## Task brief
From the first line to the last, copy the material word for word; pictures stay out.

## Data provided
/---

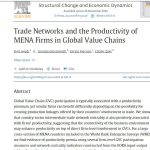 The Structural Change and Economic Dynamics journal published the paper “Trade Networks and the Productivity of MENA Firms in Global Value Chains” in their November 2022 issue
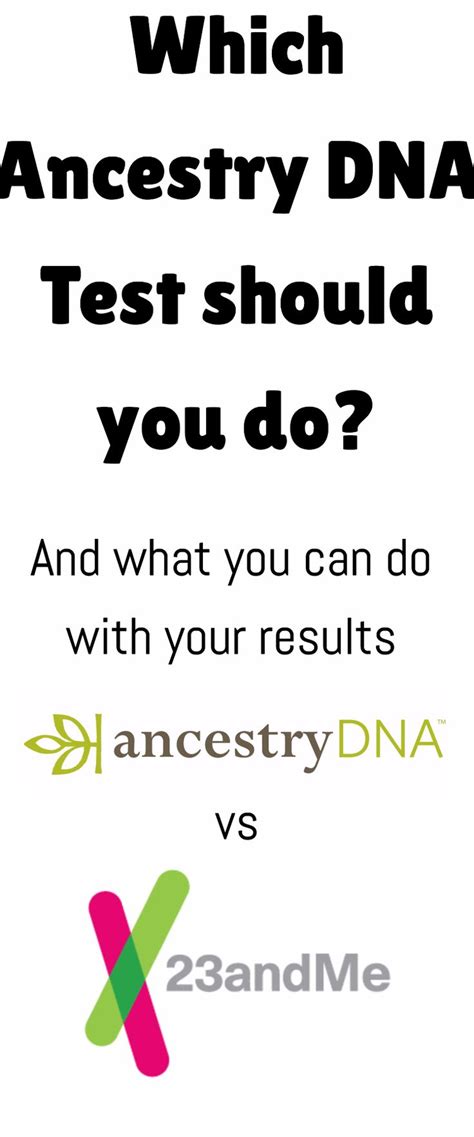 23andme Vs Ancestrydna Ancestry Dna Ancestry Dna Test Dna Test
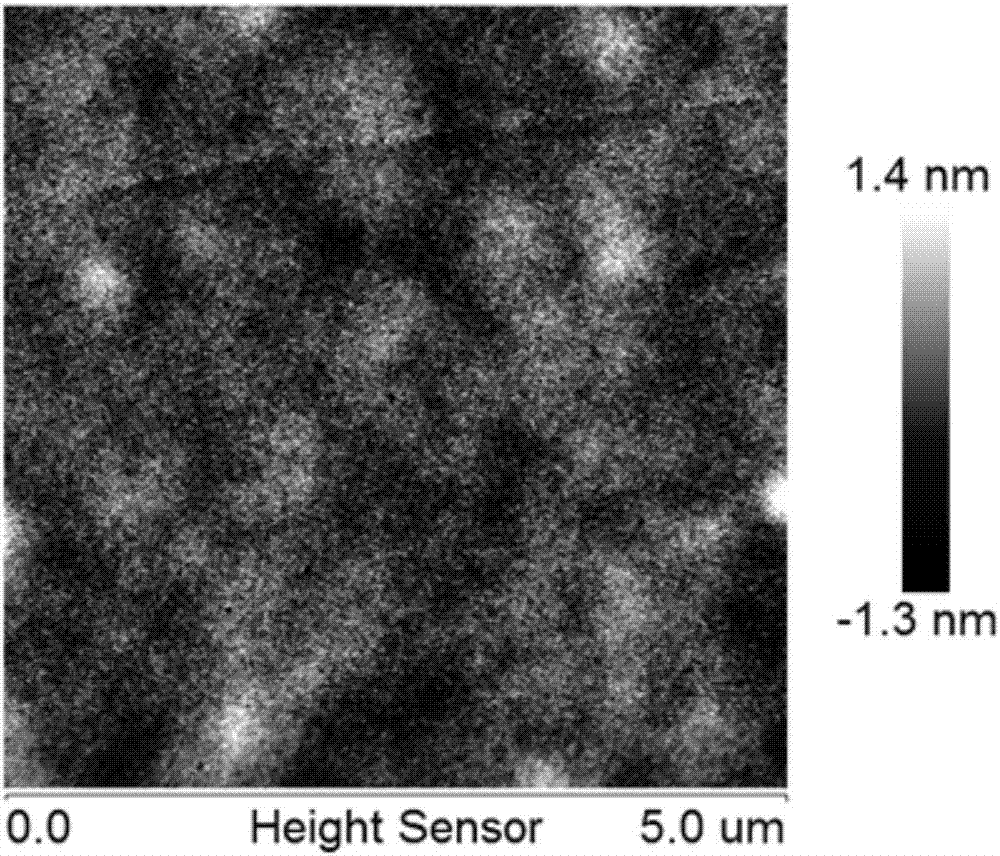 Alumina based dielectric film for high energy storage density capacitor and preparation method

\---

## Response for this exercise
 The Structural Change and Economic Dynamics journal published the paper “Trade Networks and the Productivity of MENA Firms in Global Value Chains” in their November 2022 issue
 23andme Vs Ancestrydna Ancestry Dna Ancestry Dna Test Dna Test
 Alumina based dielectric film for high energy storage density capacitor and preparation method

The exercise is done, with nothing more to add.